Quella dimensione di scissione, lacerazione, separazione che secondo Hegel era il carattere distintivo dell’età moderna (cfr. il “Dio è morto” di Nietzsche), agli inizi dell’Ottocento, sembra ritornare oggi in modo diverso e drammatico, con una radicale accelerazione che investe quotidianamente le nostre vite – accelerazione tecnologica, socio-economica, dei ritmi di vita – ma che ormai ci preclude ogni reale innovazione e potrebbe definirsi come una sorta di “stasi” mortalmente febbrile e irrequieta. Una realtà in cui, ci viene suggerito, “la frenesia del mutamento e la piatta identità vengono fatalmente a sovrapporsi”. Per Kojève, la storia mondiale tende verso la realizzazione di uno stato universale e omogeneo, dimensione post-ideologica caratterizzata dal riconoscimento generalizzato. Ed è, così, uno stadio che porta con sé la fine del desiderio di riconoscimento e di autorealizzazione, la fine del desiderio che muove i popoli e i singoli individui, l’annuncio della fine della storia.
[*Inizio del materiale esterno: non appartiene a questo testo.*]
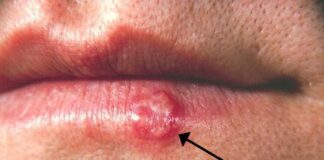 Herpes labial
Viviamo oggi dentro una fatale accelerazione determinata dalla sterminata quantità di stimoli di ogni tipo che investe la nostra esistenza, sempre più alienata, resa estranea a sé stessa, e che impedisce la prosecuzione del processo storico perché ormai ne rende impossibile lo svolgimento attraverso la fondamentale legge di continuità – innovazione.

All’interno di questo quadro, incontriamo il nucleo decisivo di Kojève e il suo pensiero della fine della storia. Non dobbiamo, come si è detto, pensare necessariamente a qualcosa di catastrofico o apocalittico. Né a qualche forma di fuoriuscita escatologica dalla storia, di salvezza religiosa o derivata da qualche forma di religione “secolarizzata” della politica. Ci siamo forse già dentro? Possiamo aspirare a collocarci sulla soglia di questa fine, come la figura del saggio? Lo vedremo. Certamente siamo più vicini alla fine della storia di quanto il senso comune potrebbe supporre.
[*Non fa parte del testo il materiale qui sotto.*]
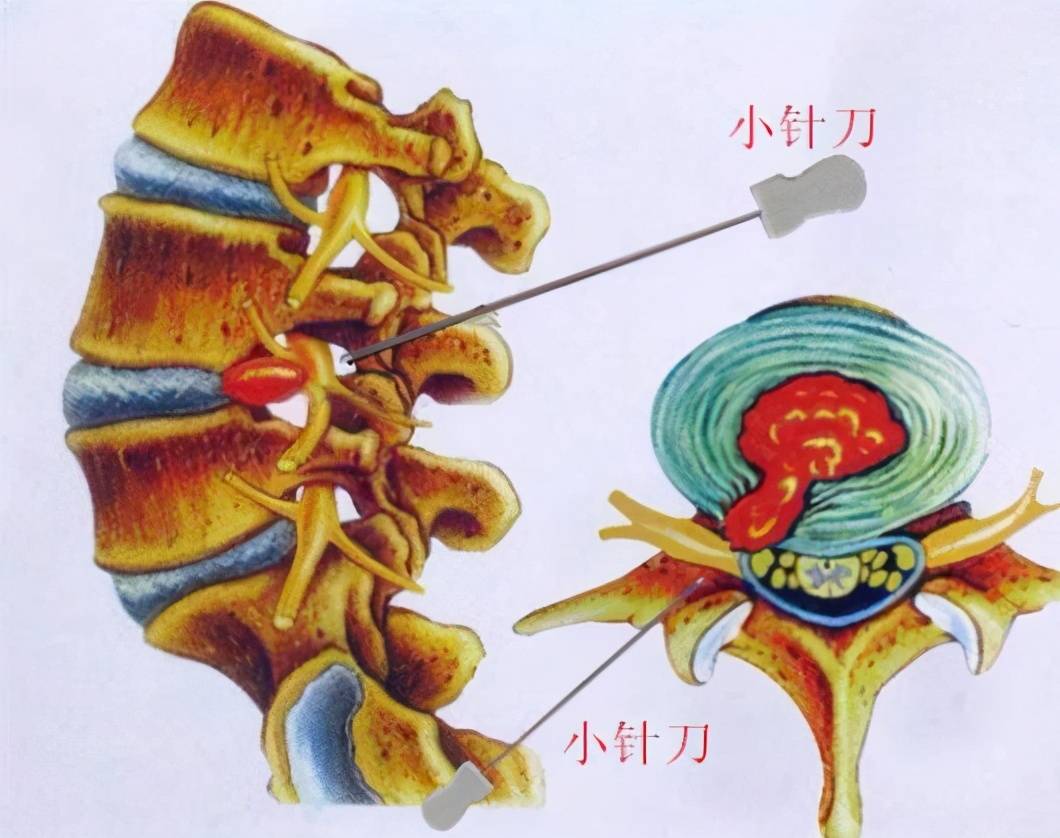 颈椎生理曲度变直还能恢复吗？该如何进行恢复？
Tanto più la storia accelera e tanto meno essa avanza, tanto più la storia accelera e tanto meno esistono per noi nuove reali possibilità di rottura storica. Questa è in definitiva l’intuizione essenziale che muove Kojève ed è anche la scoperta al centro della riflessione originale di Vidali. L’uomo post-storico sarà essenzialmente un animale post-storico, cioè potrà essere un corpo ben nutrito, funzionante, perfino felice, biologicamente perfezionato, ma privo di quella profondità e di quella consapevolezza che caratterizzano l’essere umano in quanto storico (e l’essere storico in quanto umano). Come scrive Vidali: “semplicemente, come la Divina Commedia non avrebbe mai potuto esser scritta su pietra, così essa non verrà mai letta sullo smartphone”.